Yavuz Sultan döneminden beri de resmi olarak Kürt halkı var

DEP süreci, milletvekili dokunulmazlığının kaldırılması süreci bizimkiyle benzer olduğu için oradan başladım. Yoksa eğer, Kürt sorununu konuşacaksak DEP süreciyle başlamış değil, 40 yıl önceki bir mesele de değil. Osmanlı’nın son dönemlerinde ortaya çıkmış yanlış bir siyaset meselesidir. Halka yanlış yaklaşım meselesidir.

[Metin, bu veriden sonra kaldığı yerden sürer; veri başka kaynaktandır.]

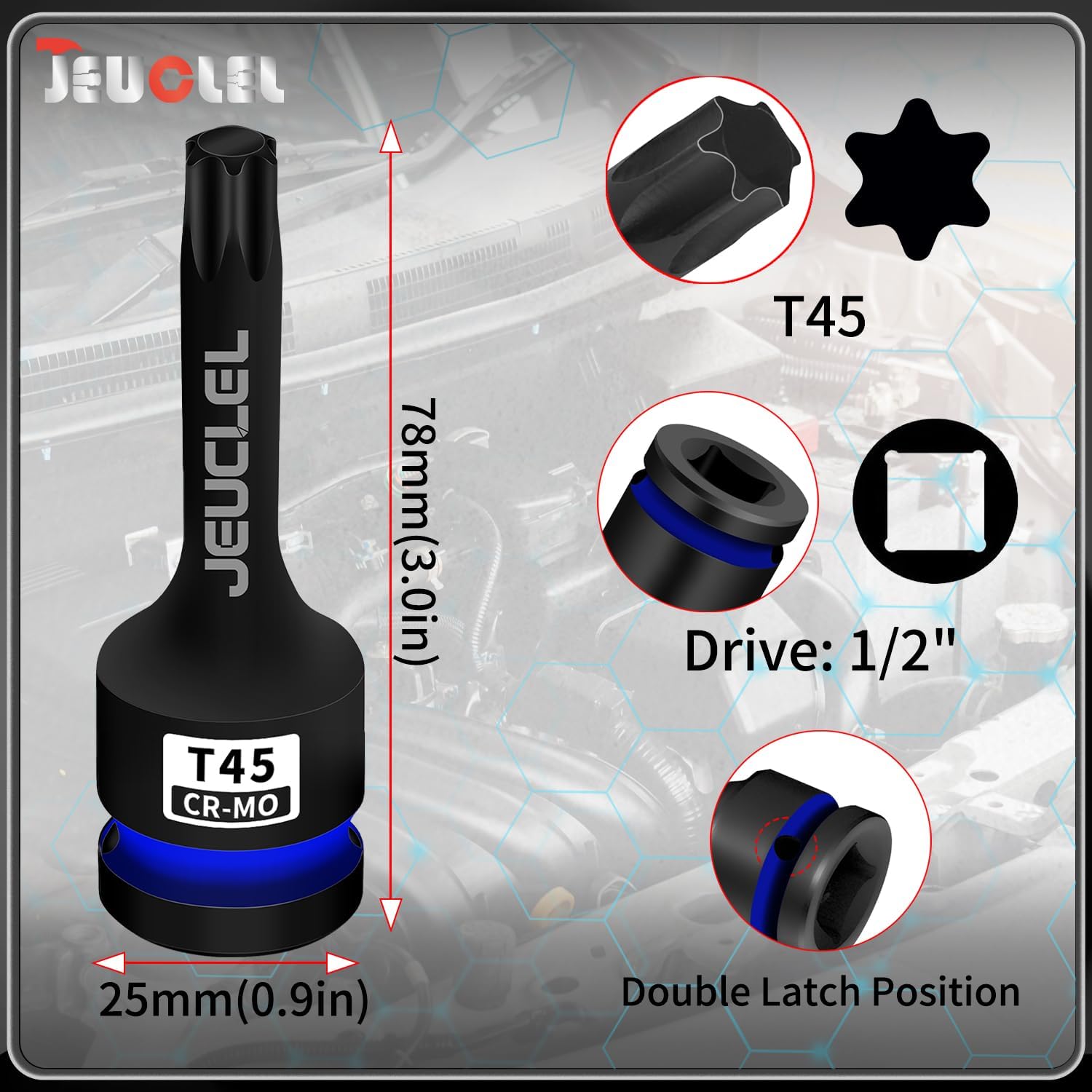 2Pcs T45 Torx Bit Socket, 1/2" Drive Torx Star 6 Point Impact Bit Socket, 3-Inch, Cr-Mo Steel, Screwdriver Adapter for Electric Ratchet Wrenches Fastening Screws Hand Repair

Özellikle II. Abdülhamit döneminde uygulanan, bizim de bugün önemli ölçüde eleştirdiğimiz yanlış yaklaşımlarla birlikte, ortaya bir Kürt sorunu krizi çıktı. Kürtler o güne kadar Osmanlı’nın içerisinde özerktiler, beylikler şeklindeydiler. Daha çok uç beylikleriydiler. İran’a karşı, Doğu’ya karşı, Güney’e karşı sınırlarda daha çok Kürtlere güvenilirdi ve Kürtler üzerinden sınırlar korunurdu. Müslüman bir halk olması nedeniyle de halifenin aynı zamanda tebaasıydı, halifeye bağlıydılar. İstanbul’a bağlıydılar. Padişahla Kürt halkının arasında böyle bir aidiyet vardı, ümmettiler çünkü. Ümmet olmaktan kaynaklı da, bir arada yaşamaktan kaynaklı bir sıkıntı yoktu.

Osmanlı kimliğinde bir sıkıntı yoktu. Yaşanan sorunlar, her Müslüman tebaayla veya gayrimüslim tebaayla yaşanan sorunlara benzerdir. Vergi konusunda, askere alma konusunda, beyliklerin kendi arasındaki çatışmalar vs. yaşanırdı. Gayrimüslimlerle ilgili ekstra başka sorunlar, krizler, özellikle milliyetçiliğin ve ulusalcılığın tırmandığı dönemlerde yaşandı, ama iddianamenin konusu olmadığı için girmiyorum. Kürt halkı o zaman vardı, ismi Kürt halkıydı; Yavuz’dan beri, Yavuz Sultan döneminden beri de resmi olarak Kürt halkının yaşadığı coğrafya hep Kürdistan olarak adlandırıldı. Örneğin bir kısmı Kasr-ı Şirin Antlaşması’yla İran’a bırakılan Osmanlı topraklarının o bölümü Kürdistan olarak adlandırılırdı. Osmanlı, kendi içindeki Kürdistanı bir bütünlüklü eyalet olarak görürdü, Musul ve Diyarbakır merkezli, Erzurum merkezli, 3 merkezden yönetmeye çalışırdı, başarılı olurdu.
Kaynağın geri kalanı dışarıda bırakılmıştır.